[Exercise aim]:
With the pictures left aside, write out exactly the lines of the listing below from the line with "A grayscale map" to the line with "Photo of Mother", both included, and only those.

[The data]:
•••••
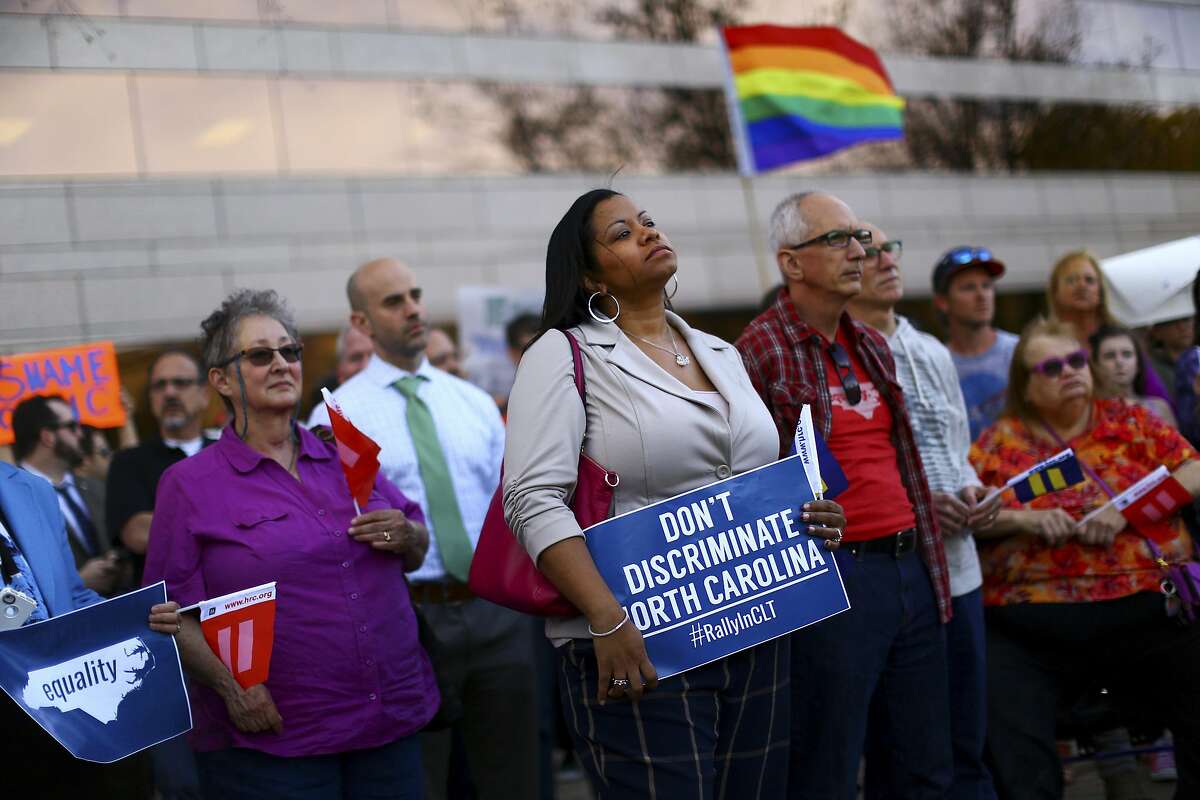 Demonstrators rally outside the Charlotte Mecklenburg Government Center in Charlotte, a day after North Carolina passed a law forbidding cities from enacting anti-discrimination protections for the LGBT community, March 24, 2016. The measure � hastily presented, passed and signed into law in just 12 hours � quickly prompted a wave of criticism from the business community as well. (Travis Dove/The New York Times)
•••••
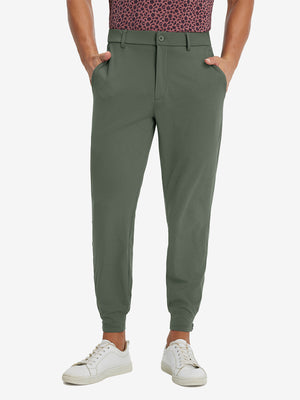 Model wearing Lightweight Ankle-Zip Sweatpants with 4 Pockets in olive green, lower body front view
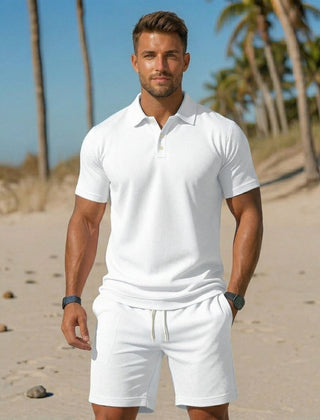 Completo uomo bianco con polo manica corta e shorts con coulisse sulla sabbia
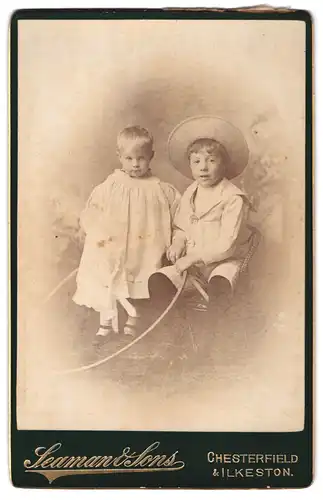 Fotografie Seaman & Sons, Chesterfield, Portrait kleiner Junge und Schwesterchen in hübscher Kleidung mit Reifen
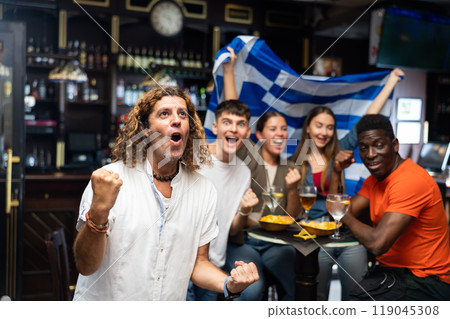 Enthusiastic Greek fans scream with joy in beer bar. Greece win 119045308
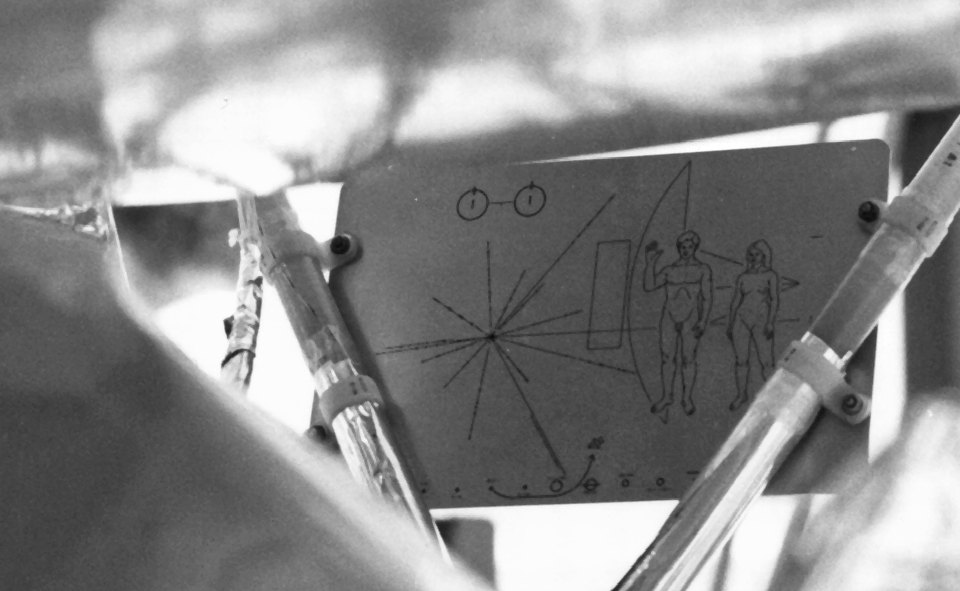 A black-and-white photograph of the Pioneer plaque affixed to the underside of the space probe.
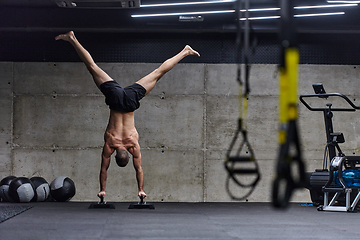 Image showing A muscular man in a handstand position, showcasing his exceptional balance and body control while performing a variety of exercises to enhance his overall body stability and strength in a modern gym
•••••
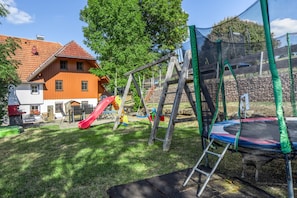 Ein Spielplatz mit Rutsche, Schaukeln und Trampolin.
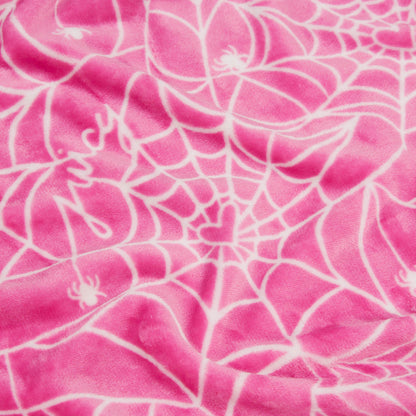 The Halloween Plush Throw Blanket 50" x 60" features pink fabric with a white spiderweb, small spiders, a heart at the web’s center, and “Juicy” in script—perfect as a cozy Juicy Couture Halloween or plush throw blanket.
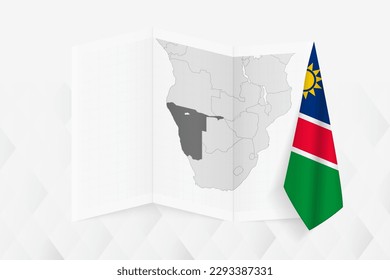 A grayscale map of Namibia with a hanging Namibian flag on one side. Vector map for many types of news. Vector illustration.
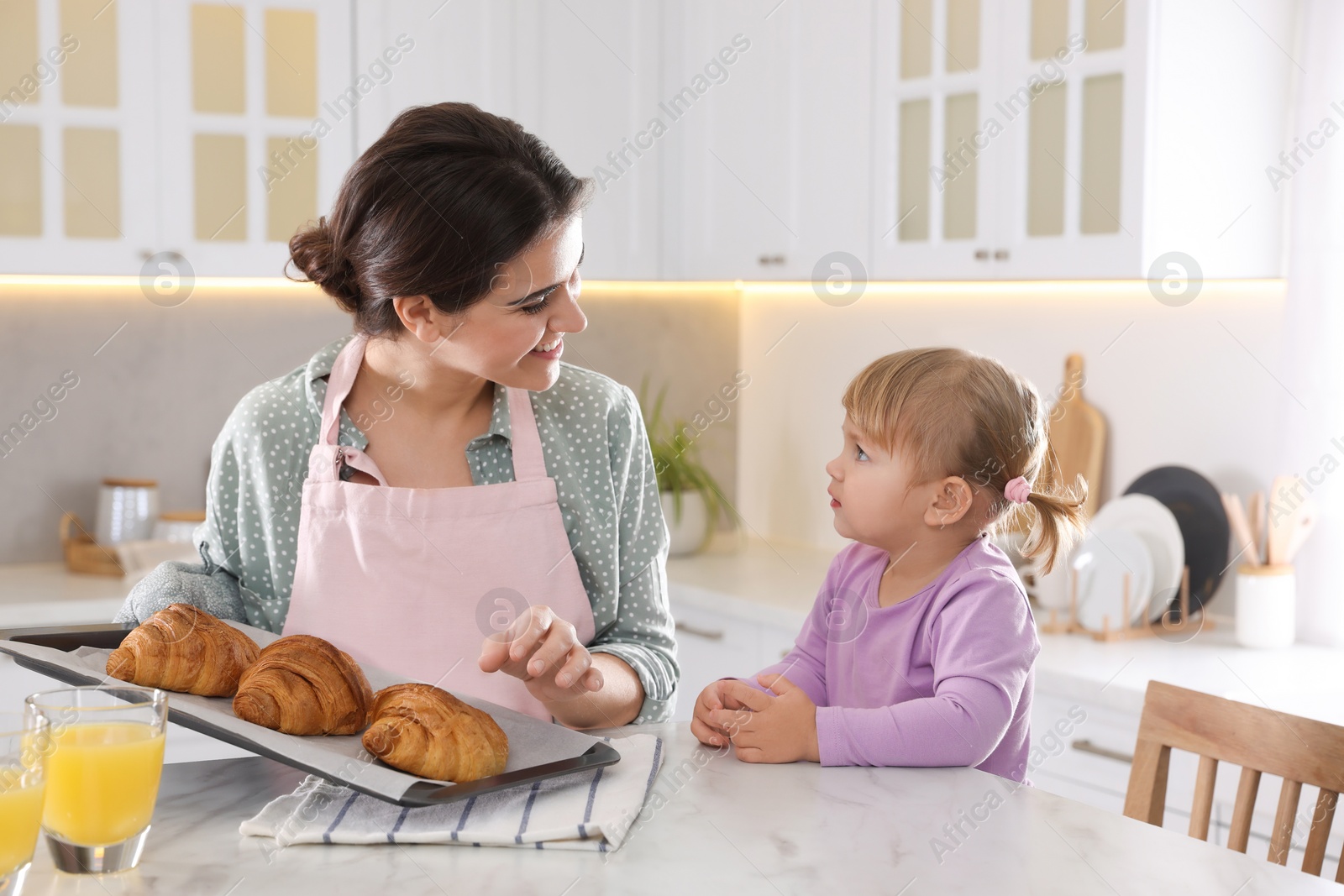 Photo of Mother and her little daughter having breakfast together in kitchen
•••••
[Solution to this exercise]:
 A grayscale map of Namibia with a hanging Namibian flag on one side. Vector map for many types of news. Vector illustration.
 Photo of Mother and her little daughter having breakfast together in kitchen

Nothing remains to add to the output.